Entries provided »
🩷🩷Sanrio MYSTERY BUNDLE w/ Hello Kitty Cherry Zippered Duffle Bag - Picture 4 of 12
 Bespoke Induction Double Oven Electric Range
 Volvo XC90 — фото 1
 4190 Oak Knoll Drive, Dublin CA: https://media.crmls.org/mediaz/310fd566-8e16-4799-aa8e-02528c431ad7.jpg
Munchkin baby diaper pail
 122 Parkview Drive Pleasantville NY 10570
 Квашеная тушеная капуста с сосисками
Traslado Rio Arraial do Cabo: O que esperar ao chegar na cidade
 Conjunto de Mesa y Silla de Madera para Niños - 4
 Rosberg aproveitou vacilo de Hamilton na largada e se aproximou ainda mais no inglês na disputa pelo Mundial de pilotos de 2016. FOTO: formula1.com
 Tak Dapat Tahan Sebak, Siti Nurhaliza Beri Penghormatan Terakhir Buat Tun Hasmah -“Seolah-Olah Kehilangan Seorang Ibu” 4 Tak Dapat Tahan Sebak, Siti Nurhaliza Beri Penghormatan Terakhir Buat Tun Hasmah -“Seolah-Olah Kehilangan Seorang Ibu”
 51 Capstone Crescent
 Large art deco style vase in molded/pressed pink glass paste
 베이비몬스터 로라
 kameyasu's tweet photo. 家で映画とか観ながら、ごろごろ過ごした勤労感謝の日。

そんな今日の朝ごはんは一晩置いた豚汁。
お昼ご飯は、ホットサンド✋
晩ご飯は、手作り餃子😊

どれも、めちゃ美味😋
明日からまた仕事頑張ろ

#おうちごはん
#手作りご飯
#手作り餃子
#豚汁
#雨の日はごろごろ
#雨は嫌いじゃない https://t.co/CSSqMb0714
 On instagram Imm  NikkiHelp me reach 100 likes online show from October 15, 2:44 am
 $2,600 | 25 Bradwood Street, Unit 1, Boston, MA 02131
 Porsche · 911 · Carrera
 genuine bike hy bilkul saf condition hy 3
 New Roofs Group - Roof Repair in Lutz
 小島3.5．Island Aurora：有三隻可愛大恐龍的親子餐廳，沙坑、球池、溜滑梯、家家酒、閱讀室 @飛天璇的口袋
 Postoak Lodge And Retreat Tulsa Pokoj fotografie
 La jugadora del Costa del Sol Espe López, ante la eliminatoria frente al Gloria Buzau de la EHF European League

Work request » Please, from the entries above, set down exactly the lines from the one containing "Conjunto de Mesa" through the one containing "Rosberg aproveitou vacilo", and only those.

Response »
 Conjunto de Mesa y Silla de Madera para Niños - 4
 Rosberg aproveitou vacilo de Hamilton na largada e se aproximou ainda mais no inglês na disputa pelo Mundial de pilotos de 2016. FOTO: formula1.com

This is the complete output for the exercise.